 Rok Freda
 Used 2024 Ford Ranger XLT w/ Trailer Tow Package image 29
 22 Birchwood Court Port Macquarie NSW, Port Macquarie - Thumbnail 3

━━━━━━━━━━━━━━━━

REQUIRED ACTION ::
Your answer should be the data above, retyped exactly.

ANSWER TO THIS EXERCISE ::
 Rok Freda
 Used 2024 Ford Ranger XLT w/ Trailer Tow Package image 29
 22 Birchwood Court Port Macquarie NSW, Port Macquarie - Thumbnail 3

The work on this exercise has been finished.